Safe pointer and stdlib vector show up occasionally; vector is often messy in the decompile. The types above are the ones to be aware of.


15. Common Decompile Issues

The decompile view is heuristic; do not trust it over the listing. Common issues:

Extra out variables: A local named extra out ... means some called function's return (or register state) is wrong or incomplete. Examples: extra out EAX (function is void but EAX is used), extra out ST(0) (FPU return not modeled), or a wrong return type (byte vs int, bool vs int). Fix by correcting the callee's return type or custom storage. Sometimes the cause is the compiler treating a register as non-volatile and omitting restore; those cases are harder.

Extra out variable e.g. refill word ushort vs integer

Example: refill word returns a ushort (2 bytes), but the following code treats the result as 4 bytes. Ghidra shows concat2 (pcode): the "extra" part is whatever was in the high bytes of EAX. Retyping refill word to a 4-byte return (where correct) can fix it.

A trickier case is extra out ECX from a function like the C string helper: the function leaves ECX unchanged (compiler optimized away restore because ECX was not clobbered). Callers then reuse ECX. That violates the normal convention, so Ghidra reports extra out ECX. Custom storage (ECX as an output) can clean the decompile but is verbose; often it is left as-is.

Stack parameter violations: The compiler may overwrite a stack parameter slot for reuse as a local. In Ghidra, param one might then appear to change type (e.g. from server creature to message data), and you see casts (e.g. to message data) and destructor calls that look wrong.

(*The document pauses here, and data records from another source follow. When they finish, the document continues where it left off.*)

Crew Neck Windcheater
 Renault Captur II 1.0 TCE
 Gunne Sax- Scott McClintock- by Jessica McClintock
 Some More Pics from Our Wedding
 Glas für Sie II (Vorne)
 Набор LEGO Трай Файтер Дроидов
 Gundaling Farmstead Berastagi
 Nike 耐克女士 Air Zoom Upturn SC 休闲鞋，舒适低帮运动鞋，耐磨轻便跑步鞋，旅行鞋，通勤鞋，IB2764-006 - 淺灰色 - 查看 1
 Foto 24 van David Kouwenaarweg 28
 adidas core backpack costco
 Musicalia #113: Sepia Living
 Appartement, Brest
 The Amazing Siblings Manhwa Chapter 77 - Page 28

Ghidra has no built-in fix; there is a long-standing GitHub issue. A typical sign is the function storing param one immediately and reusing that slot later.

Stack param violation: param one overwritten with message data

Unaffected (unaff) variables: Variables like unaff EBX or unaff return address appear when a register or value is used without a clear definition—often due to an untyped vtable call or a wrong/non-standard calling convention. Ghidra does not know whether the callee or caller cleans up, so it shows these placeholder variables. Labeling the vtable function (and setting its convention) can remove them; otherwise they are hard to fix and may remain.

Unaffected EBX and return value from vtable call


16. Closing

This concludes the walkthrough. For more detail, consult the official Ghidra documentation and community resources.

See also


This guide walks through the Ghidra Code Browser using a Windows binary (Star Wars: Knights of the Old Republic — KOTOR) as the example. Names and terms such as swkotor.exe, NGO array, MGO array, refill word, CSWMinigame, and PyGhidra are used as they appear in the example codebase or in common usage.